Título: Ordem da Justiça causa incerteza na Venezuela
Autor: Santanna, Lourival
Fonte: O Estado de São Paulo, 16/02/2012, Internacional, p. A17

Traumatizados por uma lista negra espalhada em 2004, eleitores votaram nas primárias com base na promessa de que as atas seriam queimadas

A Justiça venezuelana está tentando forçar a oposição a entregar-lhe a lista dos 3 milhões de eleitores que votaram nas primárias de domingo. A participação nas primárias, que escolheram o candidato único da oposição à presidência, a governadores e prefeitos - um total de 288 cargos - foi um desafio aberto ao presidente Hugo Chávez, no poder há 13 anos, que disputará a reeleição em outubro.

Policiais entraram em choque com militantes oposicionistas em várias centrais de apuração de votos no país, tentando cumprir o mandado do Tribunal Supremo de Justiça, de confiscar as atas, com base numa ação de Rafael Velásquez, pré-candidato a prefeito do pequeno município de Bruzual, no Estado de Yaracuy. As regras previam que as queixas fossem apresentadas à Comissão Eleitoral da Mesa da Unidade Democrática (MUD), responsável pela realização das primárias. Mas Velásquez recorreu diretamente ao Tribunal, numa atitude que levantou suspeitas entre os oposicionistas.

Muitos desses 3 milhões de eleitores só saíram para votar por causa das garantias da MUD, a frente oposicionista, de que as listas de votação seriam queimadas 48 horas depois do fechamento das urnas, e de dirimidos os questionamentos sobre a contagem dos votos. Os cinco candidatos e líderes importantes da oposição foram à TV exortar os eleitores a votar, oferecendo precisamente essa garantia.

Os venezuelanos têm uma experiência traumática com listas de eleitores. Entre 28 de novembro e 1.º de dezembro de 2003, com base na Constituição promulgada por Chávez em 1999, os partidos oposicionistas e o movimento de defesa das liberdades civis Súmate promoveram um abaixo-assinado para a convocação de um referendo revogatório do mandato do presidente. Em março do ano seguinte, o deputado chavista Luis Tascón publicou em sua página na internet os nomes dos eleitores que participaram do abaixo-assinado.
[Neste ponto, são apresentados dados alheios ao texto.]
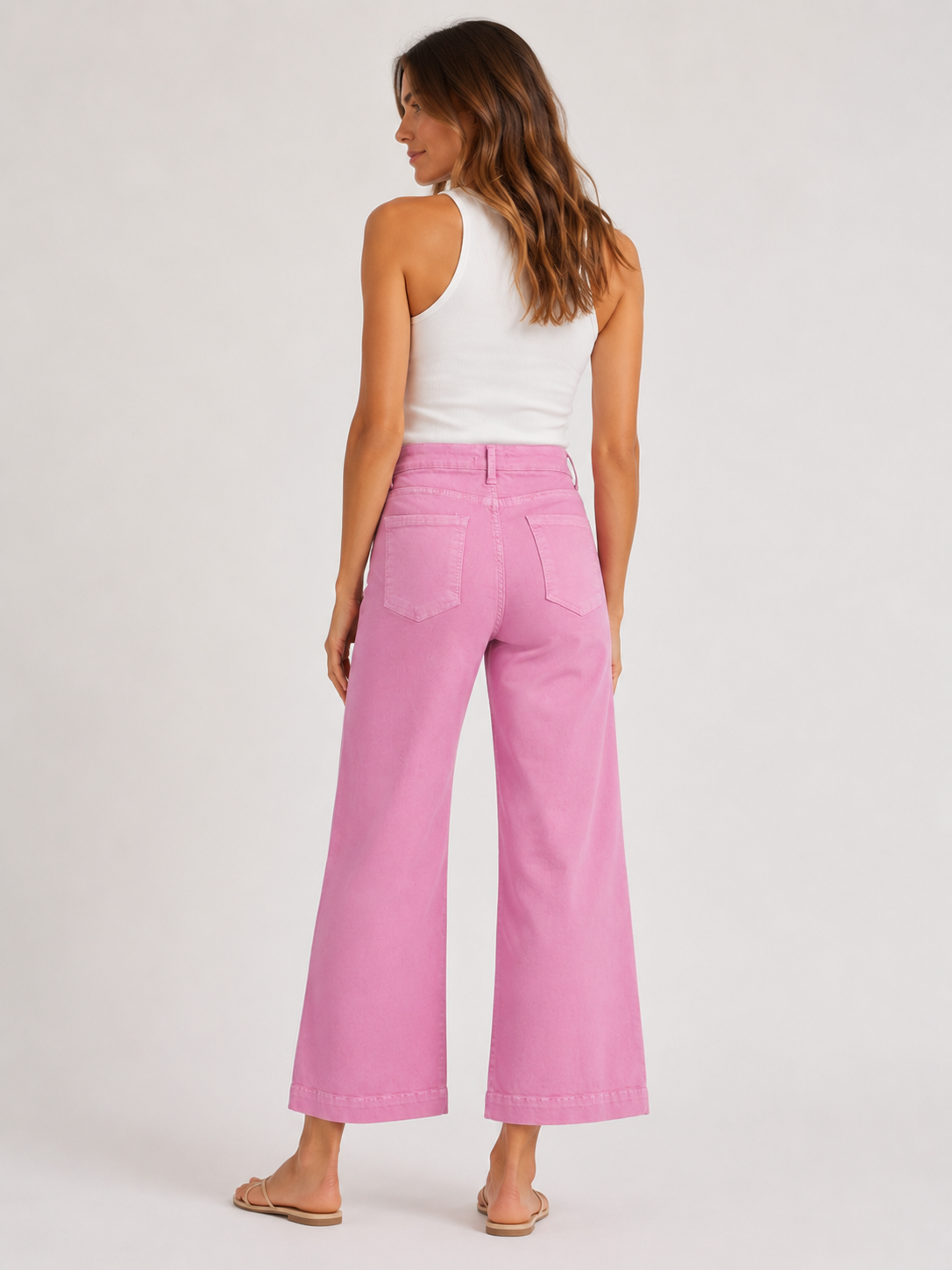 Woman wearing pink pants and a white top on a plain background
Quatro meses depois, começou a circular na internet o arquivo completo do Conselho Nacional Eleitoral (CNE), com a ficha de todos os 12.394.109 eleitores à época, o número de sua cédula de identidade, seu endereço residencial e a frase, no cabeçalho: "Sim, assinou contra o presidente", com uma tarja azul, ou "Não assinou contra o presidente", com tarja vermelha.
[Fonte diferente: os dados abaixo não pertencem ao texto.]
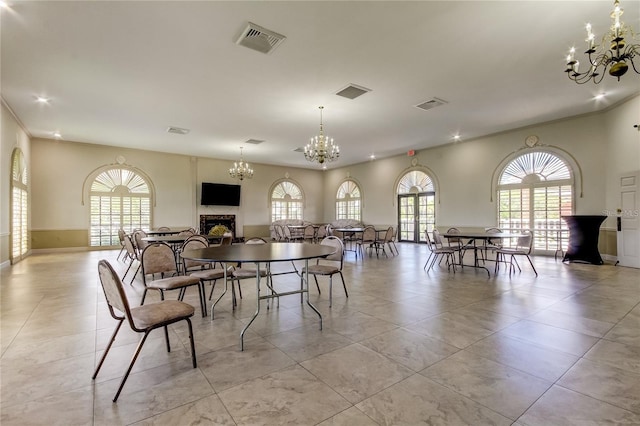 dining space with visible vents, a chandelier, and a fireplace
O software baixado junto com o arquivo para lê-lo era chamado de "Maisanta" - lembrando o Comando Maisanta, o nome dado à campanha chavista contra a revogação de seu mandato. A lista entrou para a história com o nome Tascón-Maisanta. Grande número de funcionários públicos perdeu o emprego por ter aparecido nessa lista como tendo votado "contra o presidente". A obtenção de créditos nos bancos estatais, de benefícios nos programas sociais e até mesmo de passaportes e outros documentos oficiais passou a depender da consulta à lista. Os venezuelanos usam a mesma palavra dos anos de chumbo no Brasil: "fichados".

A ordem de entregar a Tascón as atas do abaixo-assinado depositadas pela oposição no CNE foi dada em memorando assinado por Chávez em 30 de janeiro de 2004, dirigido ao então presidente do órgão, Francisco Carrasquero. A Lista Tascón-Maisanta produziu enorme insegurança na Venezuela, fez crescer a subserviência perante o regime e minou a resistência da oposição. Em 2005, os oposicionistas boicotaram as eleições para o Parlamento, por considerar que não havia garantias suficientes de que o sigilo do voto eletrônico era inviolável. O boicote resultou numa Assembleia Nacional totalmente dominada por Chávez.
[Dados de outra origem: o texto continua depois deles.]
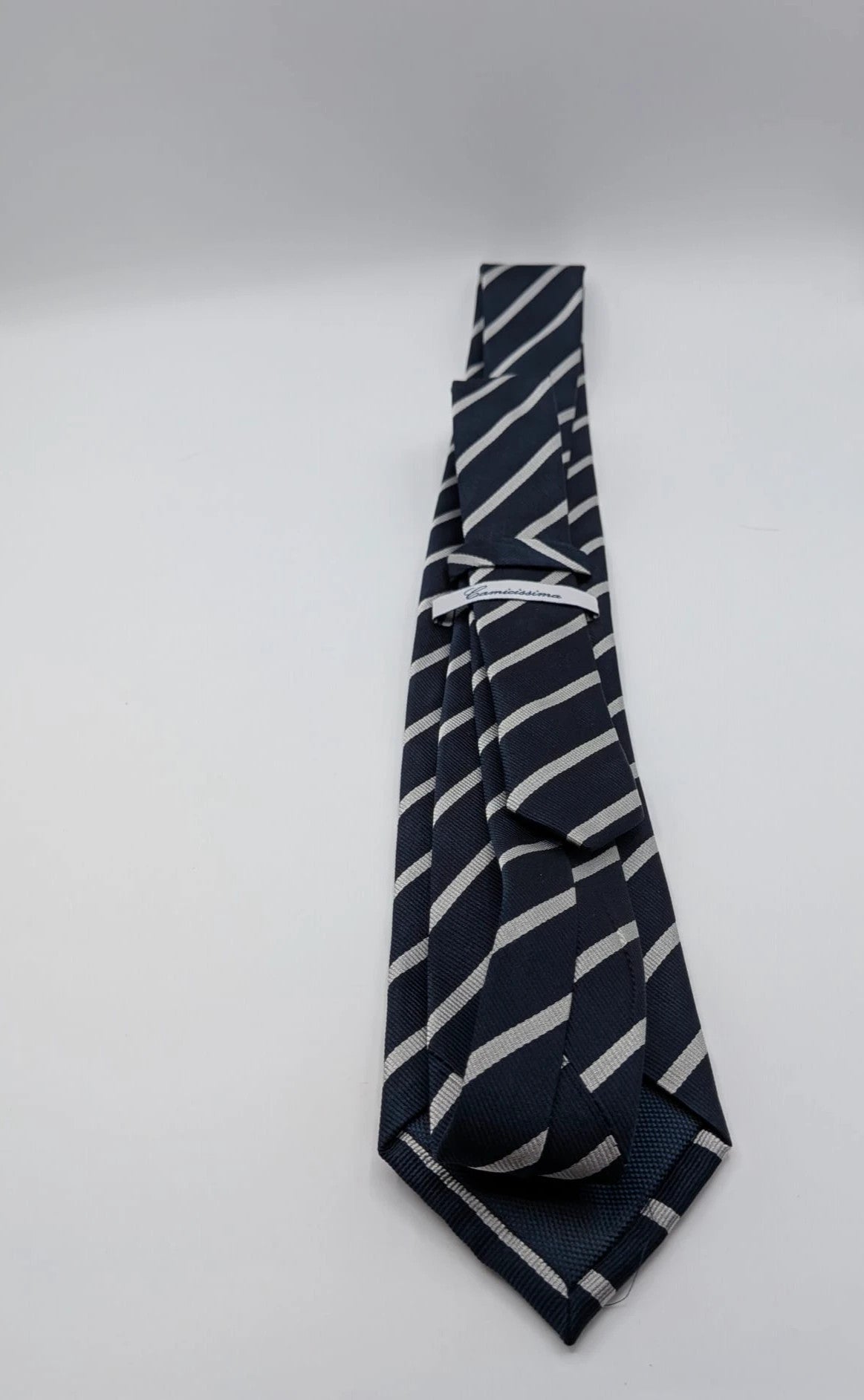 Camcissima navy tie 100% silk with white diagonal stripes and classic design.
A oposição vinha se reerguendo aos poucos. Em 2010, venceu por 51% a 49% dos votos as eleições para a Assembleia, e só não conquistou maioria por causa do peso proporcional de cada Estado. As primárias de domingo representaram mais um passo na consolidação dessa nova oposição, liderada por políticos jovens, de linhas ideológicas muito diferentes, mas unidos pelo propósito comum de desbancar Chávez.

Agora, a pressão do Tribunal Supremo, mesmo que inócua na prática, se as atas tiverem mesmo sido queimadas, cumpre no entanto o objetivo de semear a insegurança entre os eleitores que não gostam de Chávez: será prudente contrariar o presidente?